American data center and managed services provider

Lunavi, formerly Green House Data, is a data center and managed services provider headquartered in Cheyenne, Wyoming, United States.

Cheyenne is home to a campus with 45,000 square feet of data center space, and administrative and technical support offices. The company has additional data center locations in Washington, Colorado, Oregon, Georgia, Texas, New Jersey, and New York, with sales and marketing offices in Laramie and Denver, Colorado. As of 2019, the company also operates an IT consulting focused office in Toronto, Ontario.

== History ==
Green House Data was founded in 2007 as a colocation and cloud hosting provider. The company was co-founded by Shawn Mills and Cortney Thompson.

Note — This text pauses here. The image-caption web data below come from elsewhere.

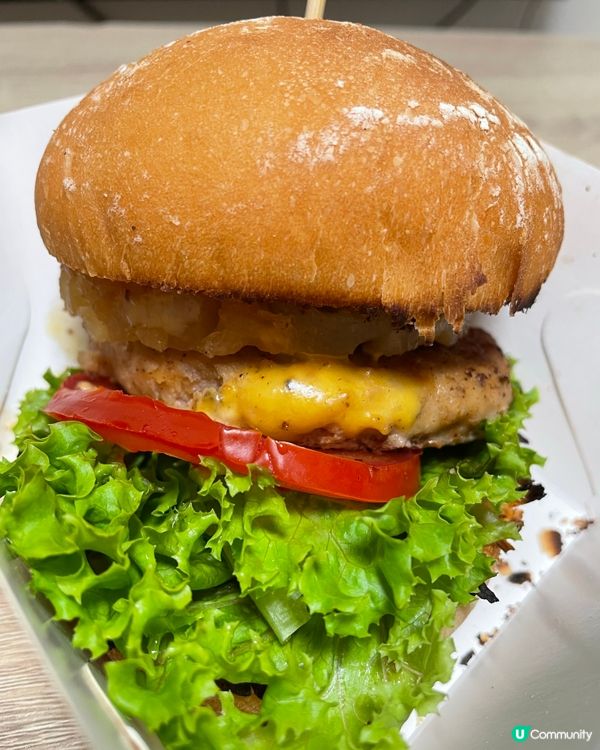 嘉寶漢堡 旺角🥳$42就有人氣🍍菠蘿雞堡 $60有套餐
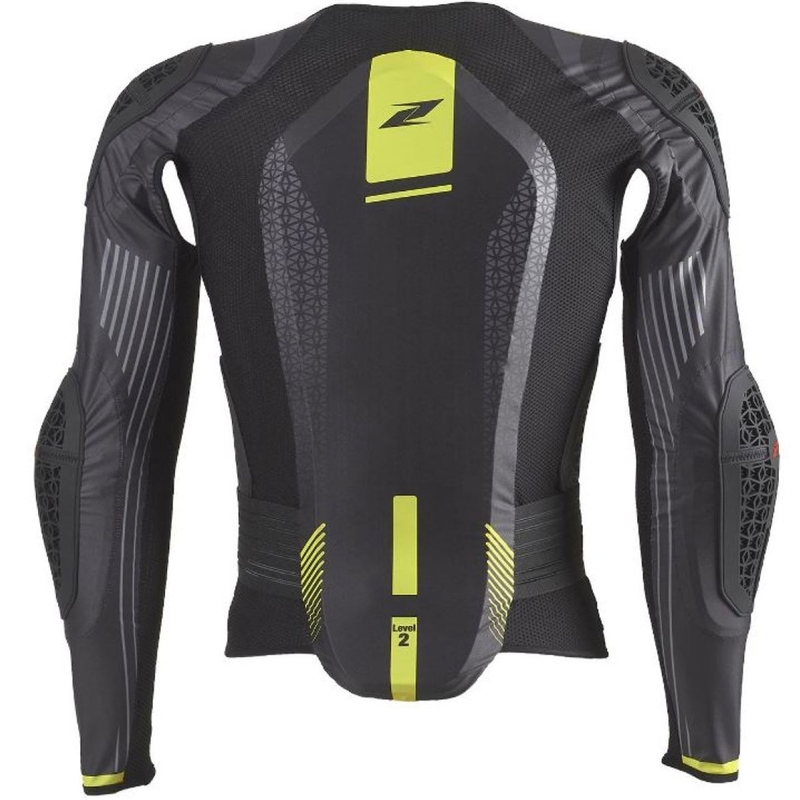 Zandona Netcube X8 testprotektor fekete-fluo sárga 180-189 cm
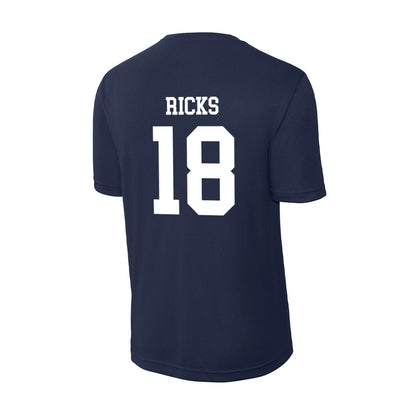 UWF - NCAA Baseball : Tucker Ricks - Activewear T-Shirt-1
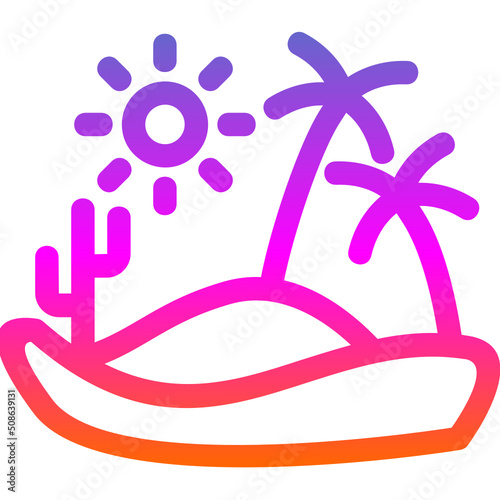 Desert Reort Icon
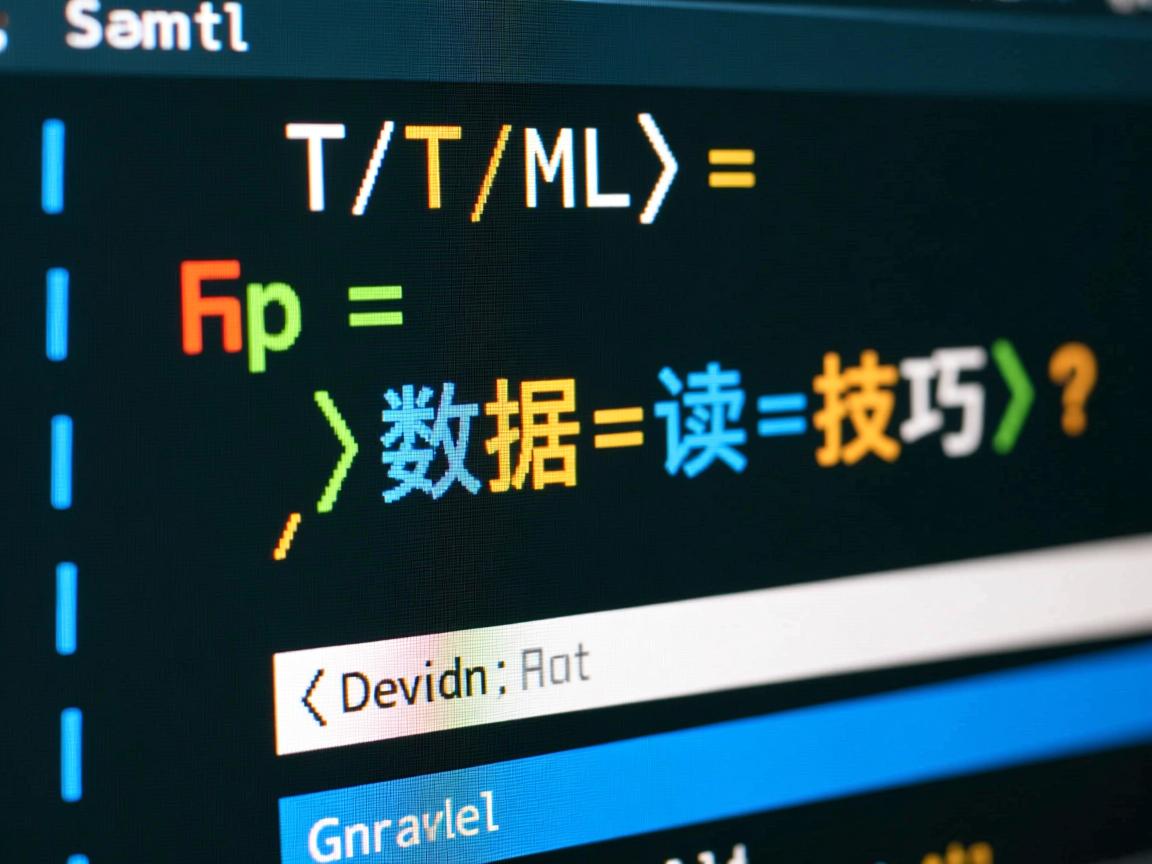 HTML表单数据读取技巧？  第3张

In April 2015, the company acquired FiberCloud, a Seattle, Washington-based provider of colocation, cloud hosting, and other data center services. With this acquisition, Green House Data added three data centers in Washington state, along with nearly 20 employees and several hundred customers.

In April 2017, the company acquired Cirracore, a cloud-focused infrastructure provider based in Atlanta, Georgia. In November 2017, the company acquired Ajubeo, a cloud hosting service provider based in Denver.

In May 2018, Green House Data announced a merger via acquisition of Infront Consulting Group. In 2020, Green House Data rebranded itself as Lunavi.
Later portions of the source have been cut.